Fidel was the glue that bonded our family together, says sister Rosemary Odinga


NAIROBI: Fidel was a loving brother. We grew up together and were very fond of each other. He taught me many things and was always protective of me. I remember it was Fidel who taught me how to read. He was such an avid reader. Like daddy (Raila Odinga), Fidel was a disciplinarian.

I remember when we were growing up and our father was detained. Children were often advised by their parents not to play with us. (Raila and his family were considered pariahs, rebels and anti-Kanu who you needed to keep a distance from). My brother loved football and because there was nobody allowed to play with us, he recruited me as a footballer and taught me how to be a goal-keeper.

 But pretty soon, he needed to be challenged on the field and he allowed me to become a centre forward and I really played that role well. That is how my goal-keeping role dissipated over time.
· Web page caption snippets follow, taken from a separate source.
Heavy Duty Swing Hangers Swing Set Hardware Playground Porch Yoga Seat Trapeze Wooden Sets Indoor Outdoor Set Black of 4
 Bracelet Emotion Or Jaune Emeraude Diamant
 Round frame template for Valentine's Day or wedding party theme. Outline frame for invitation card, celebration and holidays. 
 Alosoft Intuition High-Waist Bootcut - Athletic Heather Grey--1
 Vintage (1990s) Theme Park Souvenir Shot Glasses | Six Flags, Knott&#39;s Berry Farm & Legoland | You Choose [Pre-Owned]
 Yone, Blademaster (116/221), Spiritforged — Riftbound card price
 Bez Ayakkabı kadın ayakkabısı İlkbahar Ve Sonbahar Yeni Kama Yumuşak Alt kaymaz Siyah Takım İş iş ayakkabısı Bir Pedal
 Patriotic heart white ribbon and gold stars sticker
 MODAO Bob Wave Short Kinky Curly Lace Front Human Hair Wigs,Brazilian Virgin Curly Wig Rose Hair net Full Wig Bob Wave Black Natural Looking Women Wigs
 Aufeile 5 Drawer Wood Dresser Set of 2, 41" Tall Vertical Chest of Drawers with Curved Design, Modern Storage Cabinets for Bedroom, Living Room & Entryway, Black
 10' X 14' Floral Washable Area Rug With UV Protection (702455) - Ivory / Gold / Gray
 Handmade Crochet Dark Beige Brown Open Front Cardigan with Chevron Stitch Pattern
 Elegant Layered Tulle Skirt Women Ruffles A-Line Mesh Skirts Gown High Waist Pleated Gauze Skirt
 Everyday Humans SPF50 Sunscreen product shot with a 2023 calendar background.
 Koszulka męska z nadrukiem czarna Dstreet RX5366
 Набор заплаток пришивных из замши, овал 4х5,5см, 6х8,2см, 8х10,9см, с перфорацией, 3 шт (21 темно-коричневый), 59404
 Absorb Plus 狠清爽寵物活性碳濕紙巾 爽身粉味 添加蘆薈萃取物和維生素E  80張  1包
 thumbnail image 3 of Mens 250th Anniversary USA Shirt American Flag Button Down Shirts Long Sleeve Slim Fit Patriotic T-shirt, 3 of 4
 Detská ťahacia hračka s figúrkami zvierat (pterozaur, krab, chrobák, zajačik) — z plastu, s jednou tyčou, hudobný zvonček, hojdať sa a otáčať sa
Fidel made me love football. Like daddy, Fidel was an ardent Arsenal fan. In fact, I am the odd one out in the family because I support Manchester United in the English Premier League. During the 2014 World Cup finals, I was supporting Germany and Fidel was supporting Brazil. When we beat them at the semi finals, it was my turn to celebrate.

But I always remember that we were inducted into the football culture by daddy. Before he went into detention, he had lots of merchandise from the teams he loved, including Brazil.

Fidel introduced me to Gor Mahia and would tag me along to matches time and again and when I could not accompany him, I would watch from home and keep texting him until the match was over. Such is how close we were. He was good with making toys. He would make military toy vehicles and we would ride them to Kibera. In fact, it was Fidel who first took me to Kibera on a tour.

The most important thing is that Fidel was a very loving brother. He was passionate about anything he was doing. He didn’t talk much but was a great listener always. I am more calm than he was. He could get very animated and emotional and I would talk to him softly and calmly. He was very time conscious and he made all of us time keepers. Most of the time Fidel talked about our plans as a family and investment opportunities.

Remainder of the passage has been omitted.